(AVAILABLE DATA)

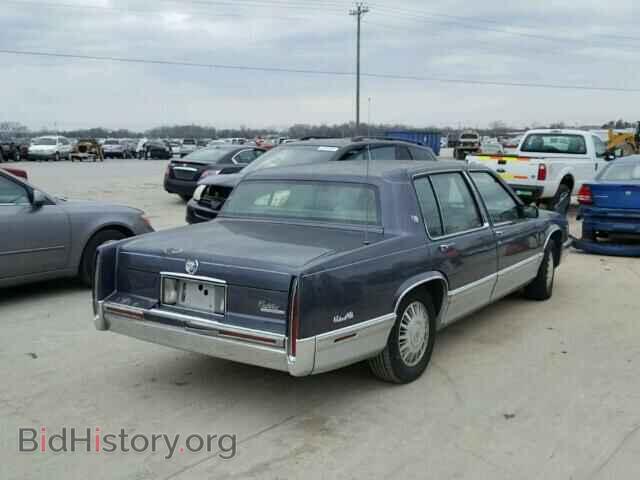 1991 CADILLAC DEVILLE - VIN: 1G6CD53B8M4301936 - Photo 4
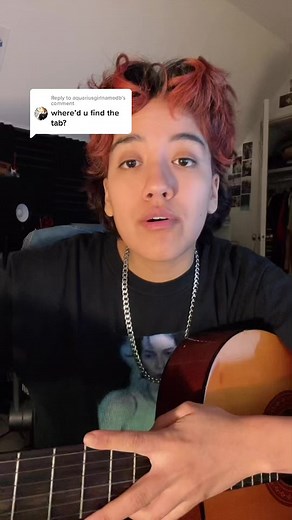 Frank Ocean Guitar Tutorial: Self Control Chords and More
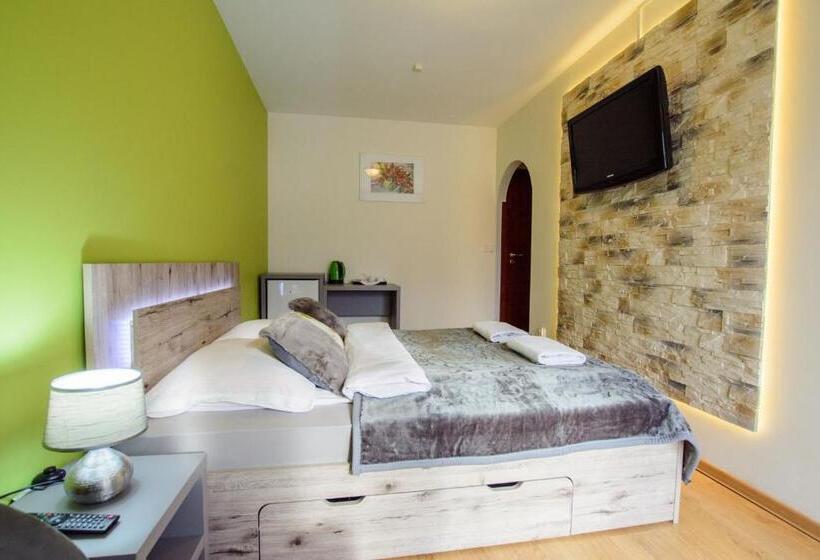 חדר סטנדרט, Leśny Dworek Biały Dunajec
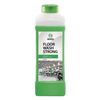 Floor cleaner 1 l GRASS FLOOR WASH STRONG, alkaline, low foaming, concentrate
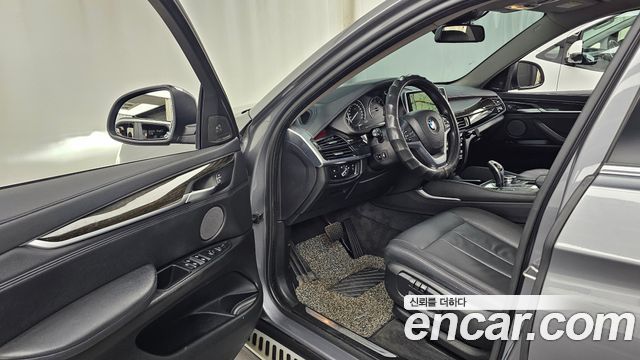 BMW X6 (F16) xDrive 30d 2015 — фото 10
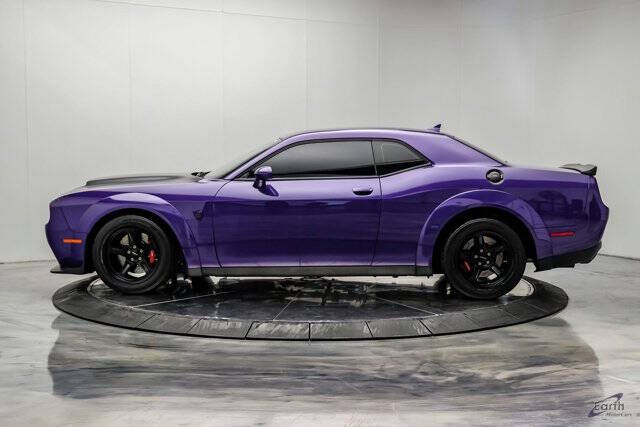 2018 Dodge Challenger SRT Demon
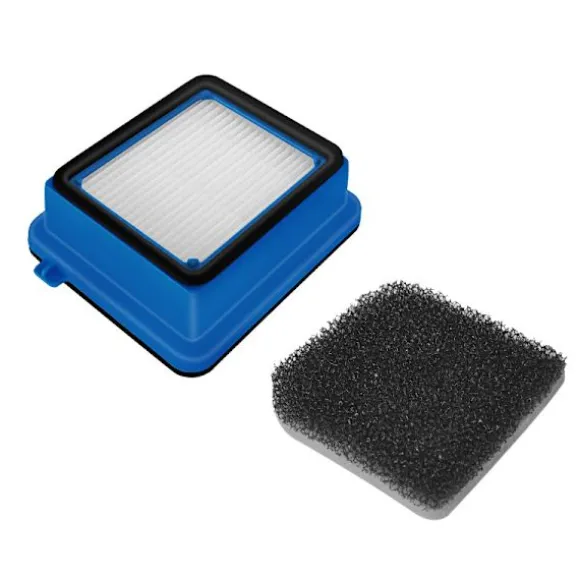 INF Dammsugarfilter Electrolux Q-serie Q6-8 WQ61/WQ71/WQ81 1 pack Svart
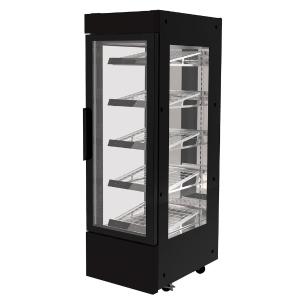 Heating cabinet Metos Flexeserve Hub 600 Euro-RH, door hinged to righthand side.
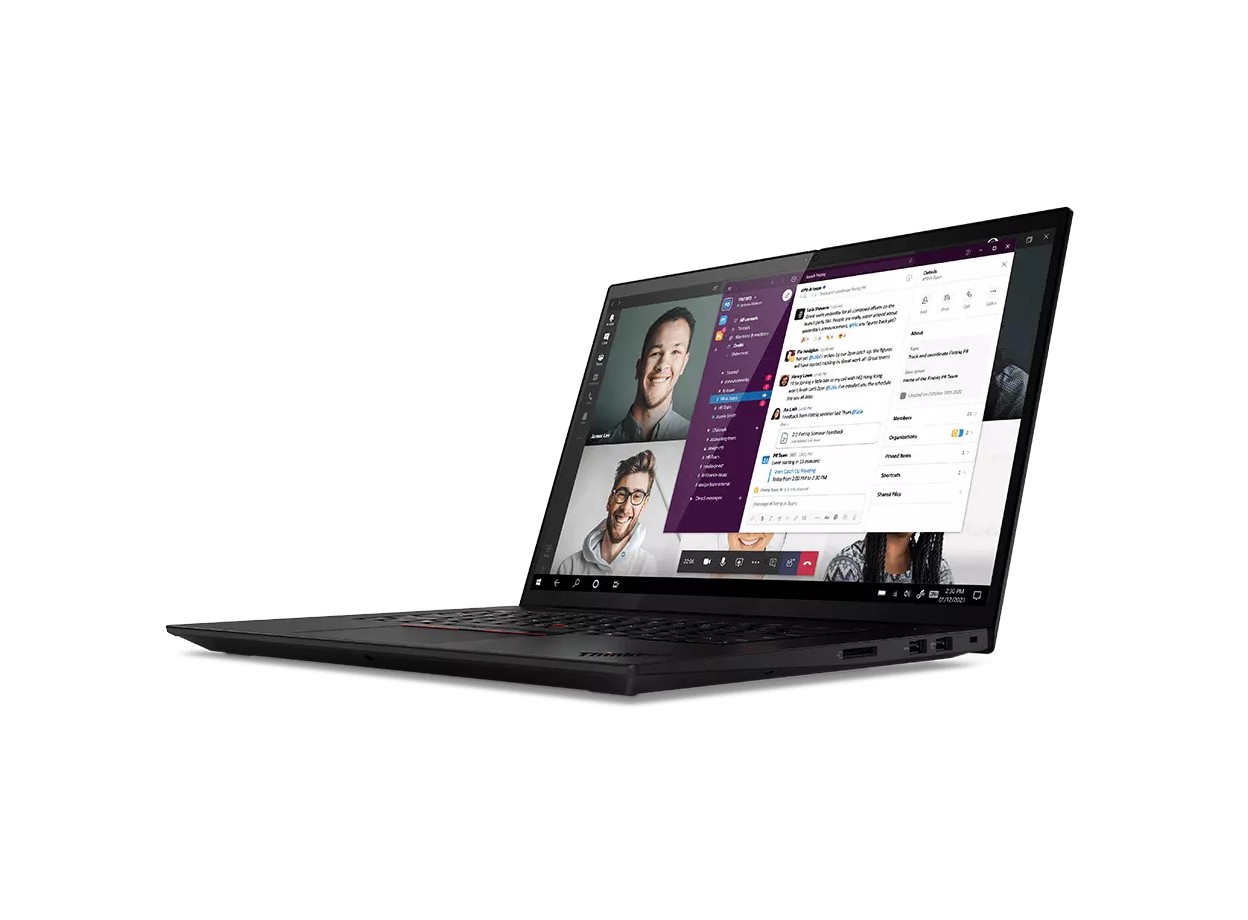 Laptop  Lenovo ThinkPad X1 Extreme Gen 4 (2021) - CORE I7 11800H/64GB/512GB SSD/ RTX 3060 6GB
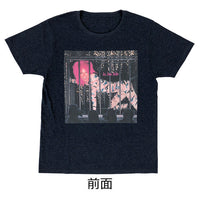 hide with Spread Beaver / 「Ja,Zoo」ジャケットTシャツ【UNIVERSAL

(End AVAILABLE DATA)

▸ **ABOUT THIS EXERCISE**: All of the data must be given again exactly, without the pictures.

▸ **EXPECTED ANSWER**:
 1991 CADILLAC DEVILLE - VIN: 1G6CD53B8M4301936 - Photo 4
 Frank Ocean Guitar Tutorial: Self Control Chords and More
 חדר סטנדרט, Leśny Dworek Biały Dunajec
 Floor cleaner 1 l GRASS FLOOR WASH STRONG, alkaline, low foaming, concentrate
 BMW X6 (F16) xDrive 30d 2015 — фото 10
 2018 Dodge Challenger SRT Demon
 INF Dammsugarfilter Electrolux Q-serie Q6-8 WQ61/WQ71/WQ81 1 pack Svart
 Heating cabinet Metos Flexeserve Hub 600 Euro-RH, door hinged to righthand side.
 Laptop  Lenovo ThinkPad X1 Extreme Gen 4 (2021) - CORE I7 11800H/64GB/512GB SSD/ RTX 3060 6GB
 hide with Spread Beaver / 「Ja,Zoo」ジャケットTシャツ【UNIVERSAL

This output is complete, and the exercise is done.